Please print, exactly, only the lines in the entries below from the line that has "私はいつも愚かな人を我慢しない デスクマット (キーボード&マウス)" through the line that has "There is one-and only one-way to end". Pictures don't go in.
▬▬▬▬▬▬
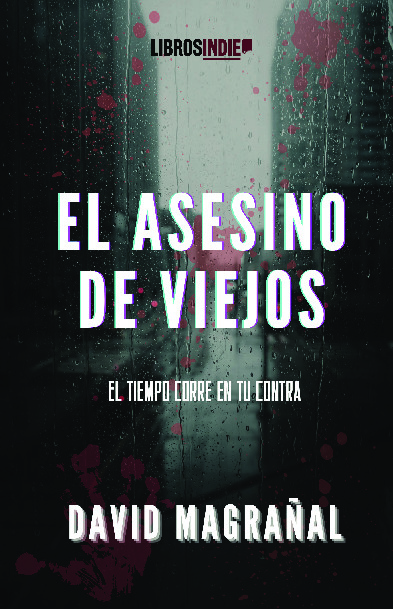 El asesino de viejos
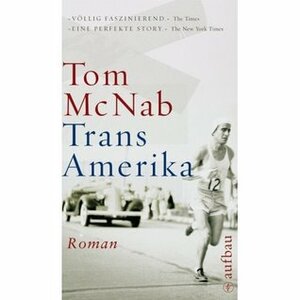 Trans-Amerika by Tom McNab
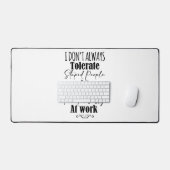 私はいつも愚かな人を我慢しない デスクマット (キーボード&マウス)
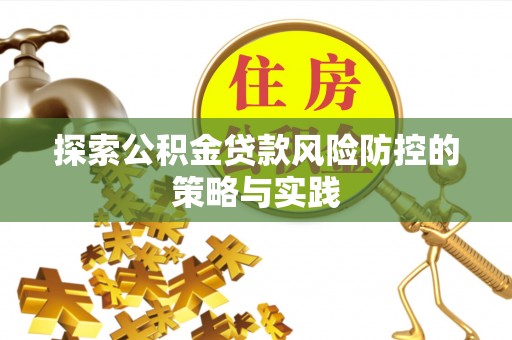 潜山探索公积金贷款风险防控的策略与实践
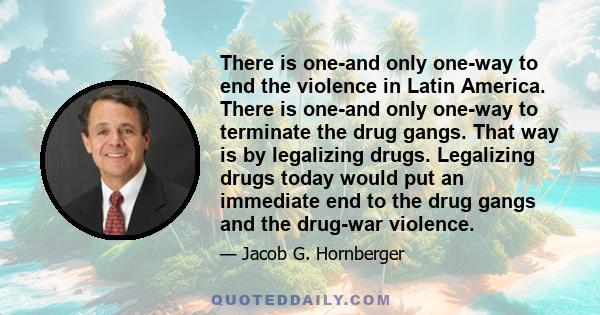 There is one-and only one-way to end the violence in Latin America. There is one-and only one-way to terminate the drug gangs. That way is by legalizing drugs. Legalizing drugs today would put an immediate end to the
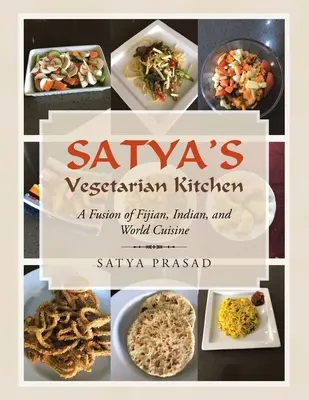 Satyas Vegetarische Küche: Eine Fusion aus fidschianischer, indischer und internationaler Küche - Satya's Vegetarian Kitchen: A Fusion of Fijian, Indian, and World Cuisine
▬▬▬▬▬▬
Response –
 私はいつも愚かな人を我慢しない デスクマット (キーボード&マウス)
 潜山探索公积金贷款风险防控的策略与实践
 There is one-and only one-way to end the violence in Latin America. There is one-and only one-way to terminate the drug gangs. That way is by legalizing drugs. Legalizing drugs today would put an immediate end to the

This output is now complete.